Estimating for the bottleneck

Your Agile team may employ an estimation technique that requires the participation of all team members. But this kind of all-hands involvement is completely unnecessary if you know where your bottleneck is.

Finding the bottleneck

If you can picture your development process as a chain of dependent operations that are performed in sequence (e.g. development, testing, deployment), then one of those operations will be your bottleneck. And just so we’re clear about what is meant by “bottleneck”, here’s a working definition:

A bottleneck is any resource with no spare capacity.

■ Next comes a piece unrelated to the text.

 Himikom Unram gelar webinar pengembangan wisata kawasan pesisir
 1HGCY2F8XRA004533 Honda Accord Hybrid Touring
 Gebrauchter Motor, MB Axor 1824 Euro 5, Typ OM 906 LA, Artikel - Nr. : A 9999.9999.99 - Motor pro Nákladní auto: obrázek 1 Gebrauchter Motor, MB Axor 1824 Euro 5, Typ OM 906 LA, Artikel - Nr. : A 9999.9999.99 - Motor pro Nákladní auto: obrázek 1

In other words, one of the operations in your development chain is going to set the pace—to determine the rate at which work items are completed. Find the operation whose throughput matches the throughput of the entire chain, and you’ve pegged your bottleneck.

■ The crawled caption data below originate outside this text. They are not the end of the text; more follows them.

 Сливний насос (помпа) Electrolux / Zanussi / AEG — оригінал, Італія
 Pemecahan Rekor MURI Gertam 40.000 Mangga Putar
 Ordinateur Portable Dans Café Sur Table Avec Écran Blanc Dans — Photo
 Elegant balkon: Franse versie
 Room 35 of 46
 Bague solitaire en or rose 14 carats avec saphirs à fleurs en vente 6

All-hands estimation is unnecessary

Conventional estimation sessions, even within the Agile community, include input from all team members. It’s common to see teams arriving at an estimate for a given unit of work (e.g. user story, backlog item) by summing the anticipated efforts of each operation. (Development will take 3 days and testing will take 2 days, therefore the final estimate is 5 days.)

The problem with the above scenario is that it assumes that no work is done in parallel, which is rarely the case. In reality, development and testing will be occurring simultaneously most of the time, and the production rate of the bottleneck operation will determine the production rate of the entire chain.

When all operations in the chain are working in parallel, and assuming that there are many units of work to be done, then the time to complete a given unit of work is determined solely by the time it spends at the bottleneck operation. Therefore, in the above scenario, the time to complete the unit of work will be closer to 3 days than to 5.

This means that there’s really no need to involve the entire team to arrive at estimates. Getting estimates from team members involved in the bottleneck operation only will yield appropriate results.

What if we can’t find our bottleneck?

I often hear teams reporting that they have multiple bottlenecks, or that the bottleneck jumps from operation to operation, making it difficult to “estimate for the bottleneck.” If this appears to be the case in your development chain, then you’re most likely observing BINOs (Bottlenecks In Name Only). In any give chain of dependent operations, there will be one true bottleneck. There are several techniques for revealing where it is:

  • Observing Inventory Buildup – Find the operation that has the largest growing volume of work to be done.
  • Matching Cycle Times – Find the operation whose cycle time matches the cycle time of the entire chain.
  • Assignment – Where two or more operations have similar production rates, choose the one you wish to set the pace for the entire chain.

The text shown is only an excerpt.